Aujourd’hui c’est une voie à grande circulation. Je vérifie que le nom sur la plaque en fonte est bien le même. Une guinguette en contrebas, ça pourrait évoquer Renoir ailleurs et dans un autre temps. Des gens, peut-être un mariage, on est samedi. Un type en chemise blanche aux manches retroussées s’y tortille de manière assez ridicule sur une musique qui ne l’est pas moins (relativement à mes yeux, et mes oreilles, s’entend). Un SDF avec un caddy, et les cartons pour dormir la nuit prochaine qui devrait être douce, mais quand même, et pas pour tout le monde. Il regarde les danseurs. À quoi il pense. Le Rolleiflex ne fait pas de bruit, et les gens ne s’imaginent plus que si on regarde par le dessus d’un truc si antique, c’est pour faire une photo.
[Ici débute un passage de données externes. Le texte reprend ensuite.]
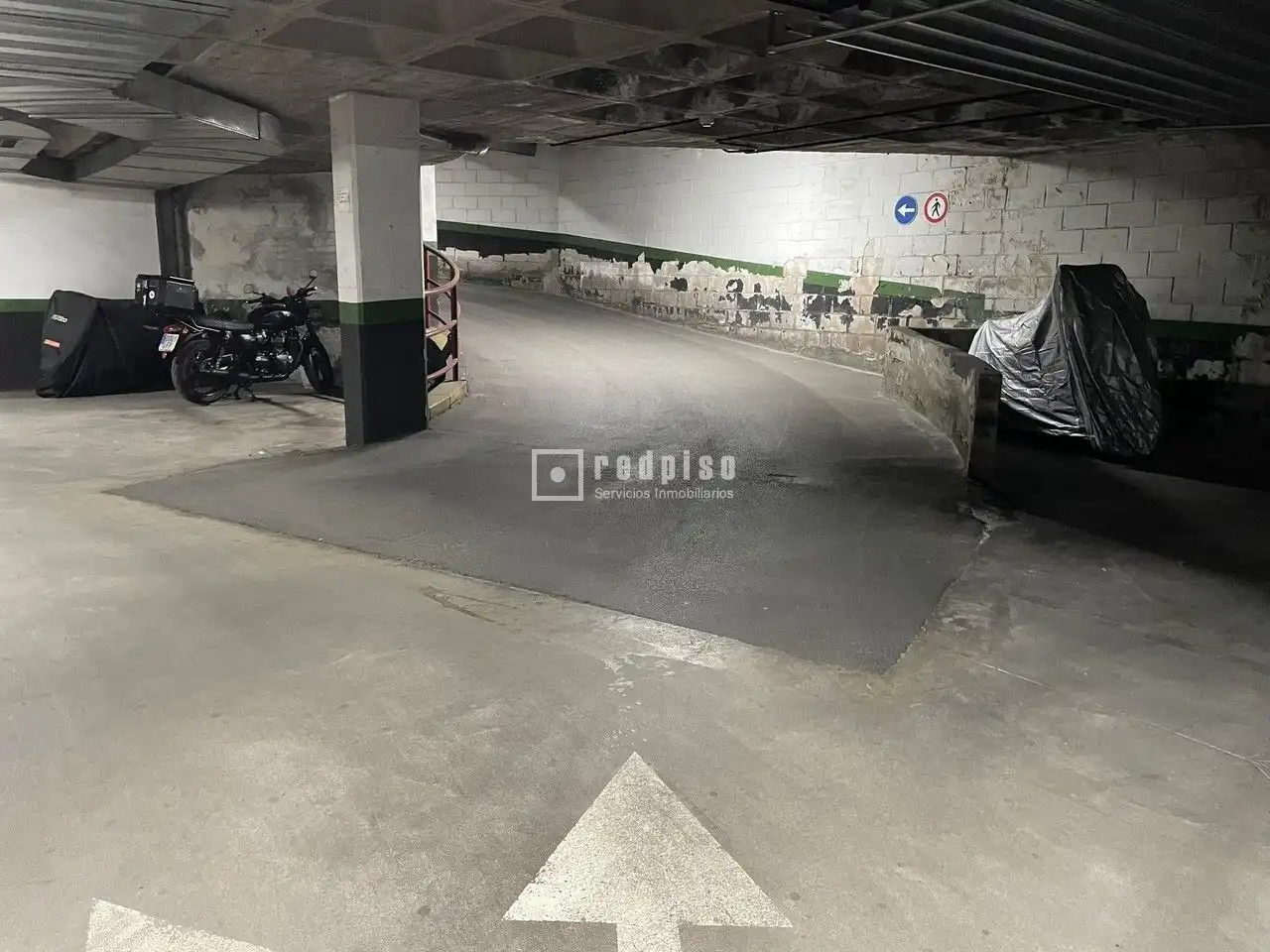 Parkplatz von Garage zum Verkauf in Madrid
J’hésite à la doubler, mais déjà c’est un bel effort pour moi d’avoir mis quelqu’un dans le paysage.

La nuit tombe, je pense que j’ai un hôtel assez miteux sur Hermannstrasse, mais c’est toujours mieux que des cartons, au bord d’un canal, à Berlin.

Un peu plus loin, un panneau publicitaire. Je sors le petit téléphone (pas fan des appareils numériques, mais comme ça, toujours dans la poche, comme un carnet de notes, oui, j’aime bien) Souvent je m’étais demandé, si la fascination que j’avais pour Berlin, ne venait pas simplement de cette lumière de novembre, et cette ville enfermée, et ceinte de barbelés et miradors, comme sortie d’un album de Bilal.

Le mur est tombé, la ville est passée du noir et blanc à la couleur, il n’y a plus qu’une Allemagne, et j’aime toujours autant Berlin.